On 1/14/2024 8:54 AM, Thomas Passin via Python-list wrote:
On 1/14/2024 7:48 AM, Sibylle Koczian via Python-list wrote:
Am 09.01.2024 um 12:36 schrieb Barry Scott via Python-list:


On 7 Jan 2024, at 15:09, Sibylle Koczian via Python-list <python-list@python.org> wrote:

Oh, and the two Windows and Python versions are on two different computers.

Will remove the "/env" from my shebang lines, even if I don't understand what's happening.

Thanks for the details.

Only thing I can think of is that "python" may be defaulting to mean python 2.
If you use "#!/usr/bin/env python3" it may work on both.

No, it doesn't. That's the form I started with. When it didn't work I thought "python3" might be too old, because Python 2 is dead for so long.

Did you creates a py.ini file to configure py.exe?

See if you have %userappdata%\py.ini on either windows 10 or windows 11.
If so what is its contents?

No to both.

I've tried with and without a py.ini and cannot duplicate what you see.


It really seems strange. Only thing I can think of - and I don't really believe in that idea: as far as I know in Windows 11 the handling of PATH has changed. My Python isn't on the path, perhaps that is it. A shebang line without "/env" doesn't check the path, right?

From what I've read recently, if you have a Python program that starts with a shebang line with any of four standard unix-like paths, then Python (not Windows) will look for a version of Python in standard locations - *NOT* in the shebang line locations:

I meant to write "the Python launcher", that is, the "py" program. Normal Python installs on Windows install the launcher and Windows will run it on ".py" files if no other program has been specified on the command line.

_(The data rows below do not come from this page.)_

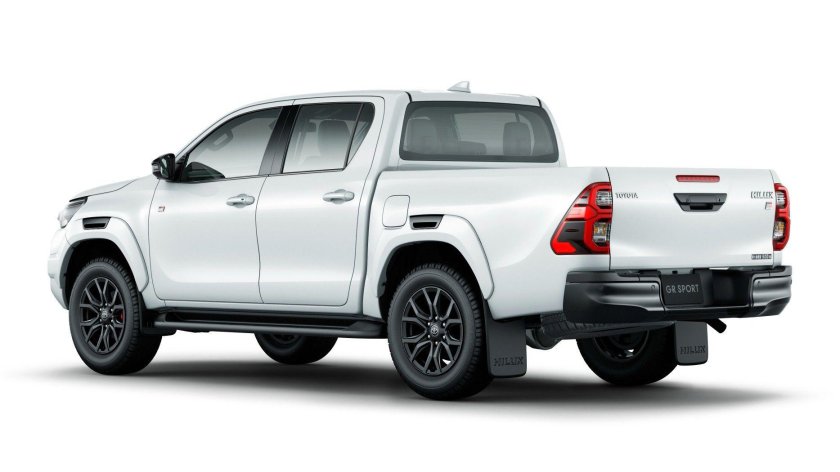 Тойота Хайлюкс 2022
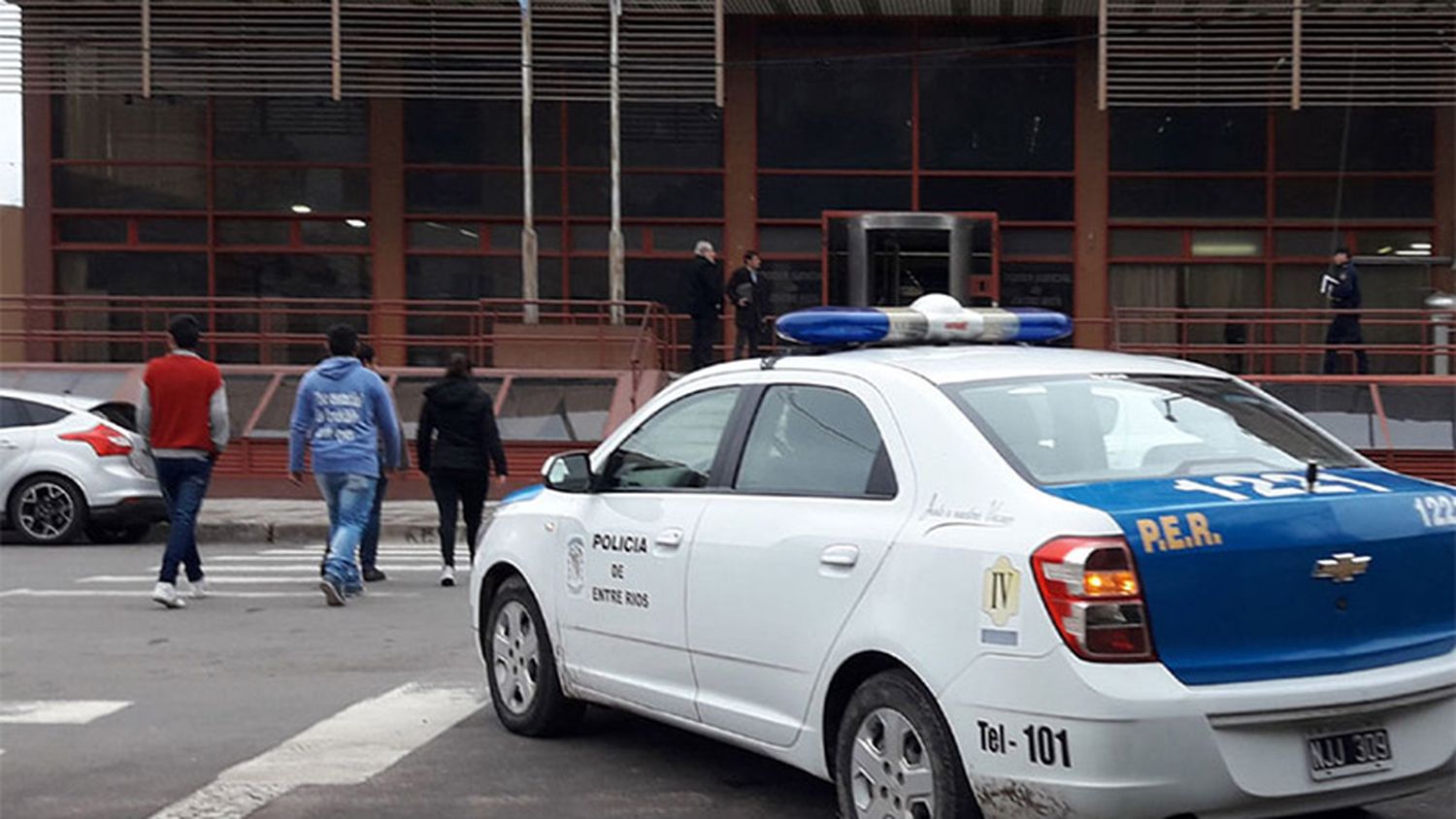 Lo condenarán por abusar de su hijastra, pero la joven de 17 años afirma que era mentira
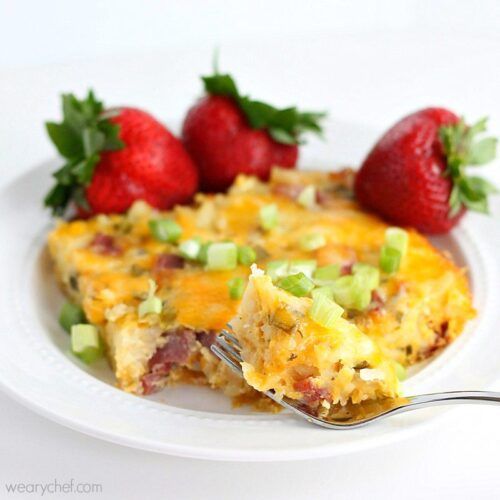 Breakfast for Dinner Casserole: This easy hashbrown casserole is just right for any time of day!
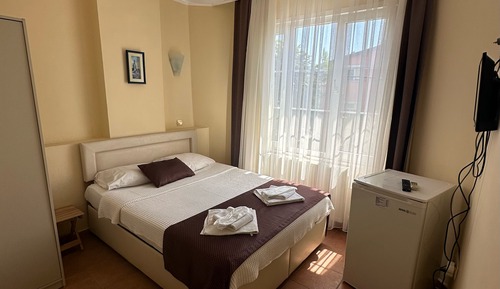 Habitación estándar con 1 cama doble o 2 individuales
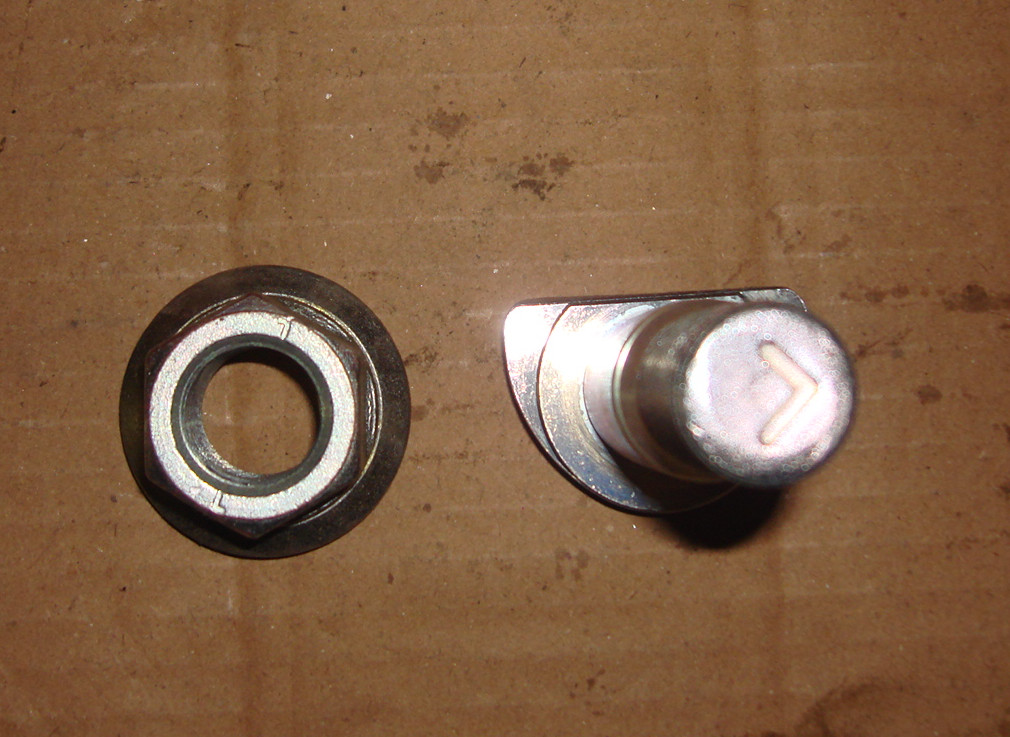 Гайка болта переднего колеса-1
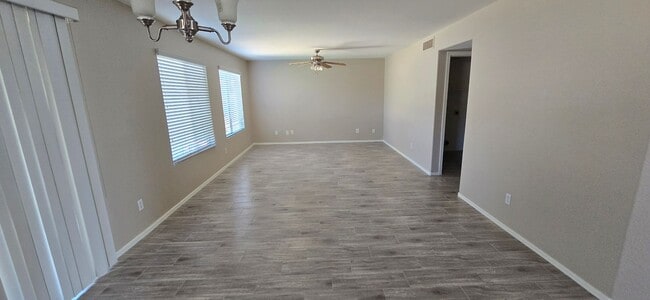 Photo - UPDATED 4 BEDROOM HOUSE NEAR 101 LOOP/OLIVE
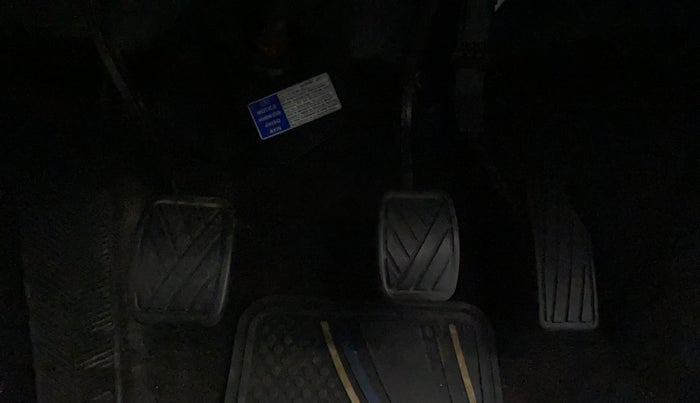 2016 Maruti Baleno DELTA PETROL 1.2, Petrol, Manual, 70,797 km, Pedals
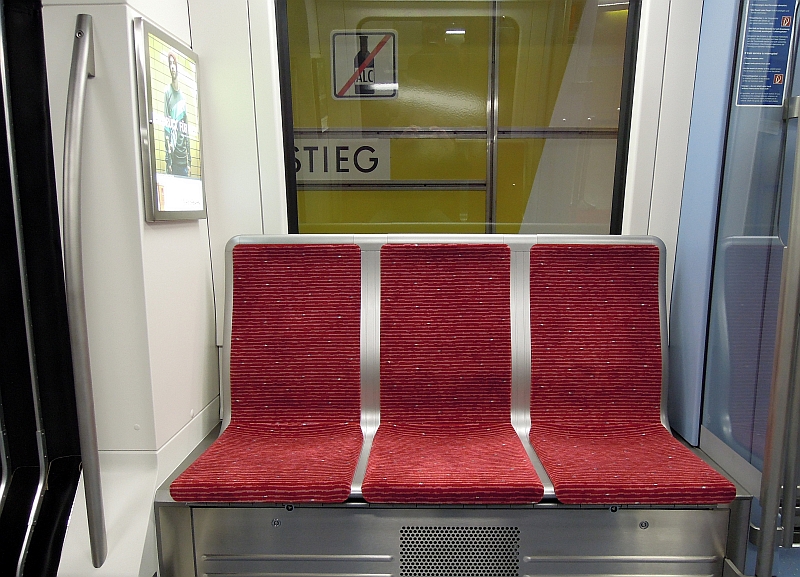 Lngs angeordnete Sitze in Hamburger U-Bahn-Waggons: das gab es schon mal, ist aber lange her. Der neue DT5 hat´s. Bahnhof Jungfernstieg, 28.1.2012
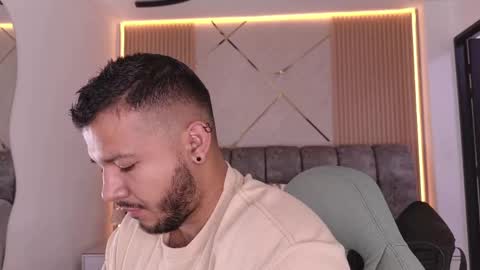 MIKEE online show from 05/29/26, 03:15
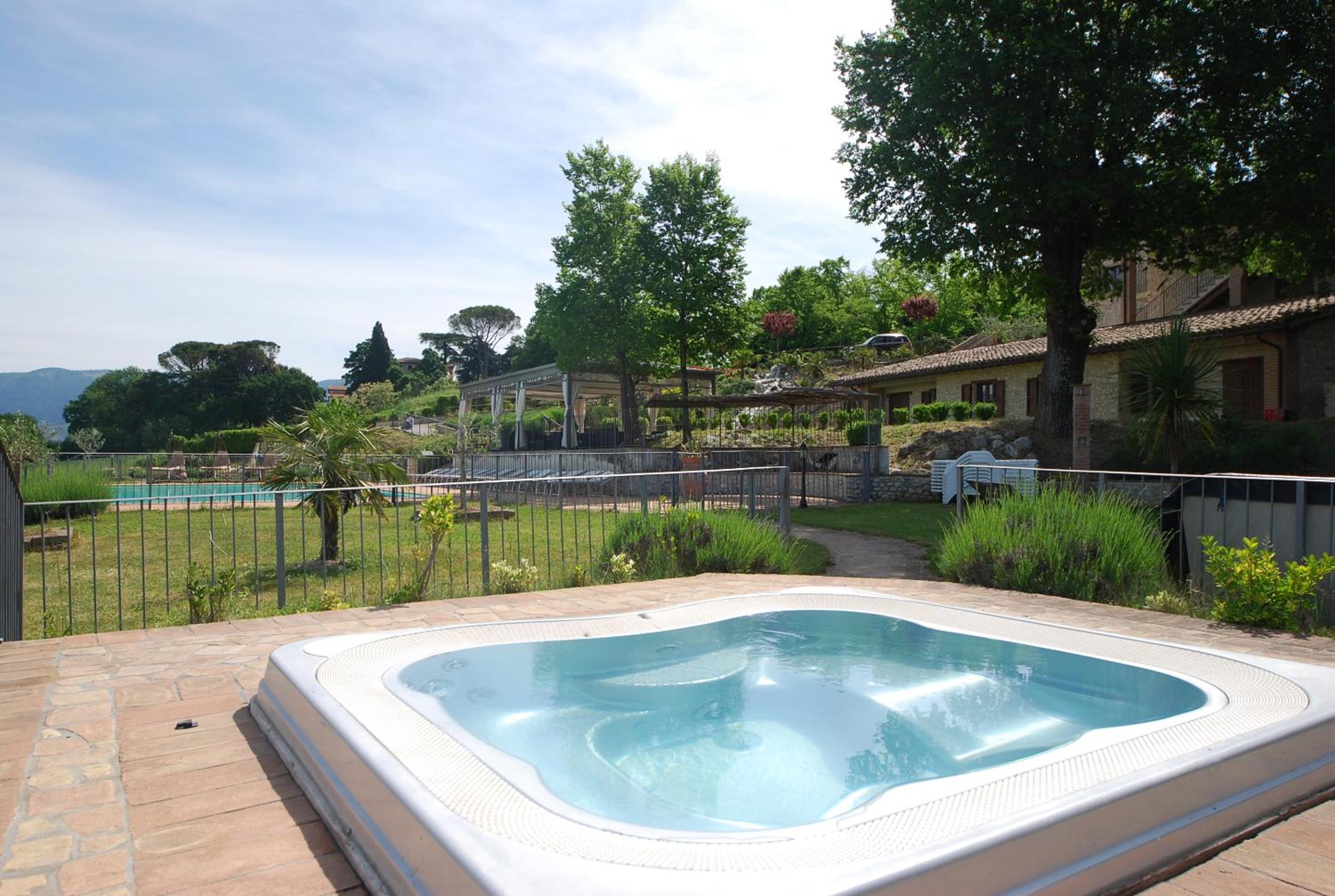 Spoleto by the pool view 5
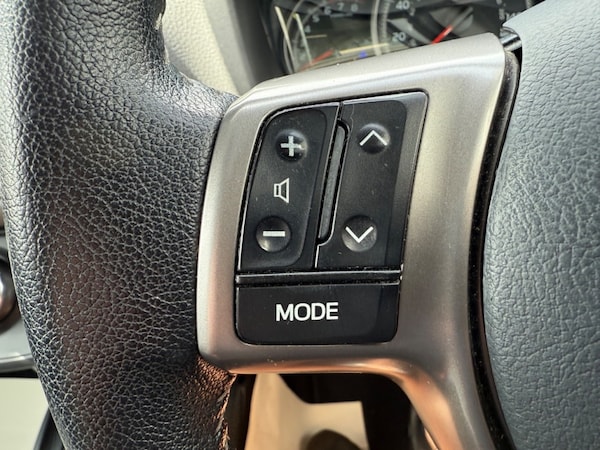 Used Toyota Yaris 2016 for sale - 75253195: Photo 6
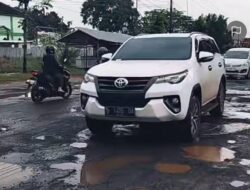 Pengguna Jalan Bojong–Kajen Keluhkan Jalan Berlubang, Titik Terparah di Depan Balai Desa Gejlig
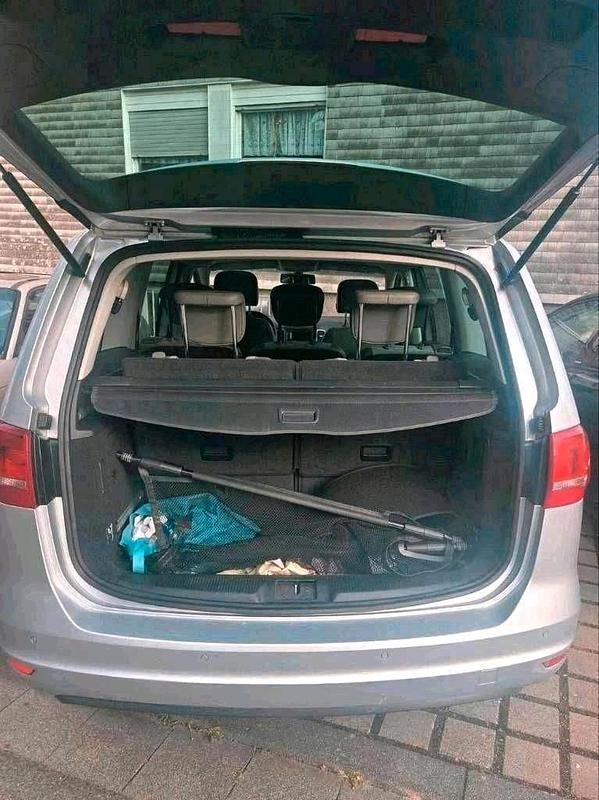 Second-hand VW Sharan 140 CP (102 kW) 2013 Argintiu Monovolum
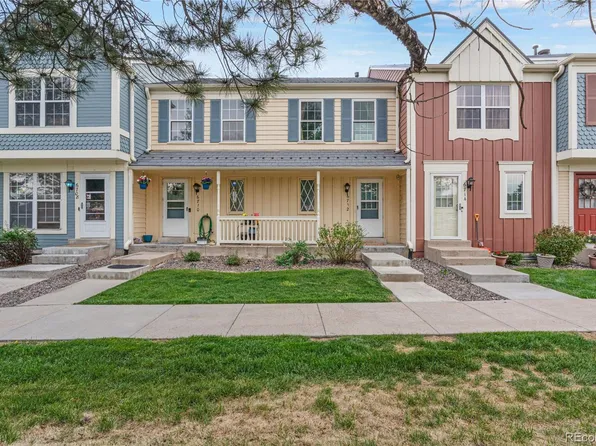 6712 S Holland Way, Littleton, CO 80128
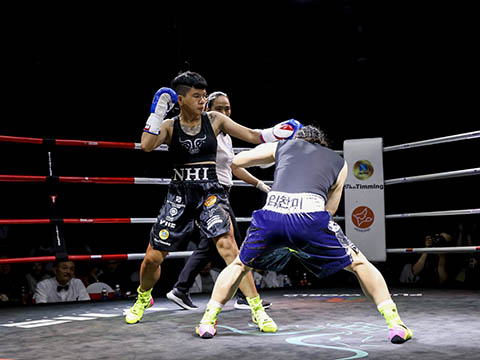 Võ sĩ Thu Nhi của chủ nhà có chiến thắng thuyết phục trước tay đấm Hàn Quốc tối 25/8. Ảnh: BM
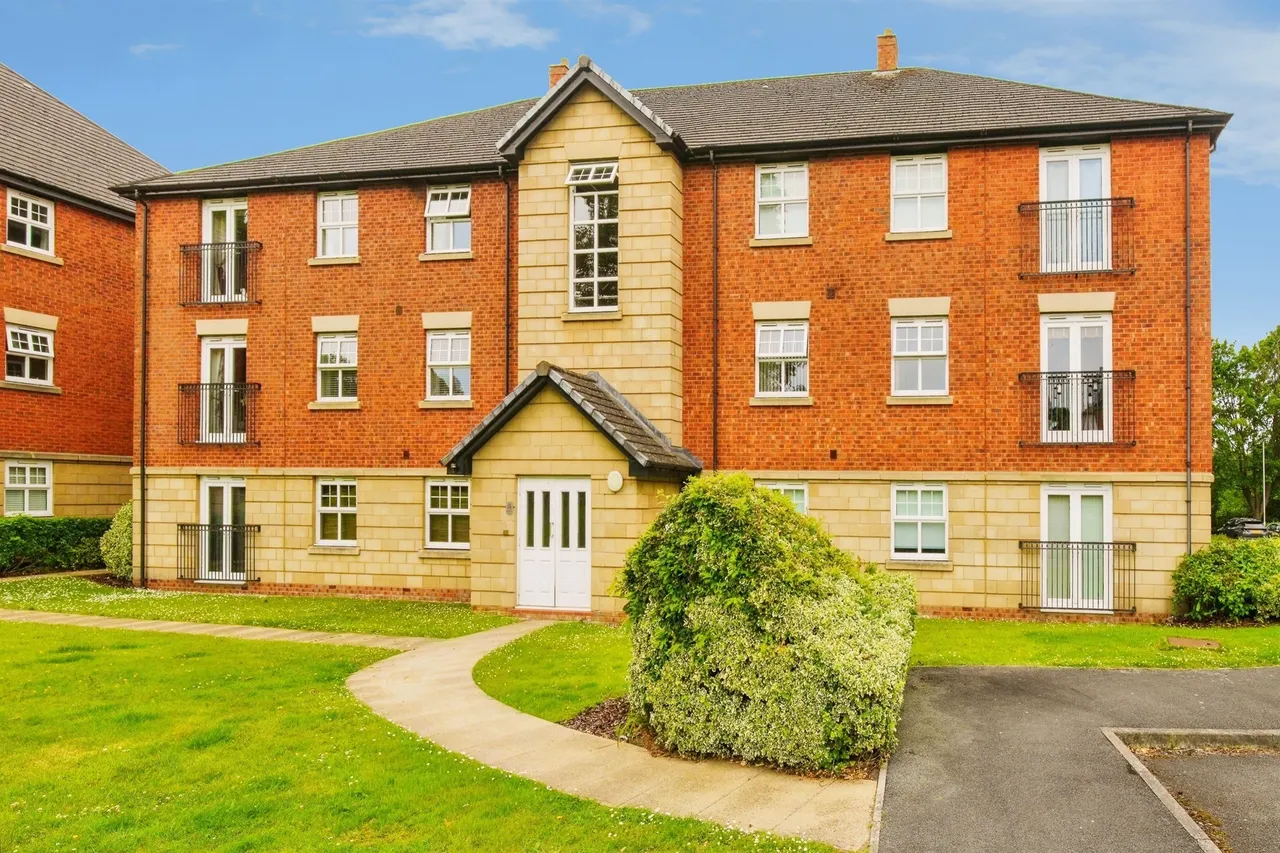 2 bed flat for sale — Chapel View, Eastham, Wirral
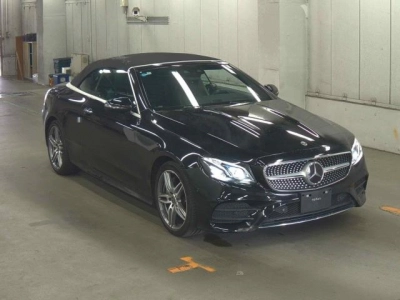 MERCEDES BENZ E CLASS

"To allow shebang lines in Python scripts to be portable between Unix and Windows, this launcher supports a number of ‘virtual’ commands to specify which interpreter to use. The supported virtual commands are:

/usr/bin/env
/usr/bin/python
/usr/local/bin/python
python
"

Also -
"The /usr/bin/env form of shebang line has one further special property. Before looking for installed Python interpreters, this form will search the executable PATH for a Python executable matching the name provided as the first argument. This corresponds to the behaviour of the Unix env program, which performs a PATH search. If an executable matching the first argument after the env command cannot be found, but the argument starts with python, it will be handled as described for the other virtual commands.
"

There are some other complications, too, depending on whether you specify bare "python" or some specific version. The form with "/usr/bin/env" is the closest to the unix behavior, in that it searches the PATH.  And you write that your intended version of Python is not on the path.

IOW, these shebang lines don't work the way you seem to think that they do.